Logging to Apache access.log is mostly useful as this is a great way to keep log on who visited your website and generate periodic statistics with tools such as Webalizer or Astats to keep track on your visitors and generate various statistics as well as see the number of new visitors as well most visited web pages (the pages which mostly are attracting your web visitors), once the log analysis tool generates its statistics, it can help you understand better which Web spiders visit your website the most (as spiders has a predefined) IP addresses, which can give you insight on various web spider site indexation statistics on Google, Yahoo, Bing etc. . Sometimes however either due to bugs in web spiders algorithms or inconsistencies in your website structure, some of the web pages gets double visited records inside the logs, this could happen for example if your website uses to include iframes.
Having web pages accessed once but logged to be accessed twice hence is erroneous and unwanted, and though that usually have to be fixed by the website programmers, if such approach is not easily doable in the moment and the website is running on critical production system, the double logging of request can be omitted thanks to a small Apache log hack with SetEnvIf Apache config directive. Even if there is no double logging inside Apache log happening it could be that some cron job or automated monitoring scripts or tool such as monit is making periodic requests to Apache and this is garbling your Log Statistics results.
In this short article hence I'll explain how to do remove certain strings to not get logged inside /var/log/httpd/access.log.
1. Check SetEnvIf is Loaded on the Webserver
On CentOS / RHEL Linux:
# /sbin/apachectl -M |grep -i setenvif
AH00558: httpd: Could not reliably determine the server's fully qualified domain name, using localhost.localdomain. Set the 'ServerName' directive globally to suppress this message
setenvif_module (shared)
On Debian / Ubuntu Linux:
# /usr/sbin/apache2ctl -M |grep -i setenvif
AH00548: NameVirtualHost has no effect and will be removed in the next release /etc/apache2/sites-enabled/000-default.conf:1
setenvif_module (shared)
2. Using SetEnvIf to omit certain string to get logged inside apache access.log
SetEnvIf could be used either in some certain domain VirtualHost configuration (if website is configured so), or it can be set as a global Apache rule from the /etc/httpd/conf/httpd.conf
To use SetEnvIf you have to place it inside a <Directory …></Directory> configuration block, if it has to be enabled only for a Certain Apache configured directory, otherwise you have to place it in the global apache config section.

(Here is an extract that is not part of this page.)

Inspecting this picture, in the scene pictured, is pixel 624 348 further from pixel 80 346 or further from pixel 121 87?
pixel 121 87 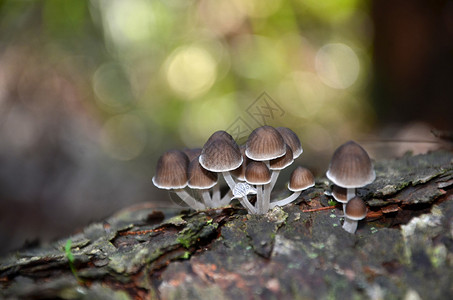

To be able to use SetEnvIf, only in a certain directories and subdirectories via .htaccess, you will have defined in <Directory>
AllowOverride FileInfo
The general syntax to omit a certain Apache repeating string from keep logging with SetEnvIf is as follows:
SetEnvIf Request_URI "^/WebSiteStructureDirectory/ACCESS_LOG_STRING_TO_REMOVE$" dontlog
General syntax for SetEnvIf is as follows:
SetEnvIf attribute regex env-variable
SetEnvIf attribute regex [!]env-variable[=value] [[!]env-variable[=value]] …
Below is the overall possible attributes to pass as described in mod_setenvif official documentation.
- Host
- User-Agent
- Referer
- Accept-Language
- Remote_Host: the hostname (if available) of the client making the request.
- Remote_Addr: the IP address of the client making the request.
- Server_Addr: the IP address of the server on which the request was received (only with versions later than 2.0.43).
- Request_Method: the name of the method being used (GET, POST, etc.).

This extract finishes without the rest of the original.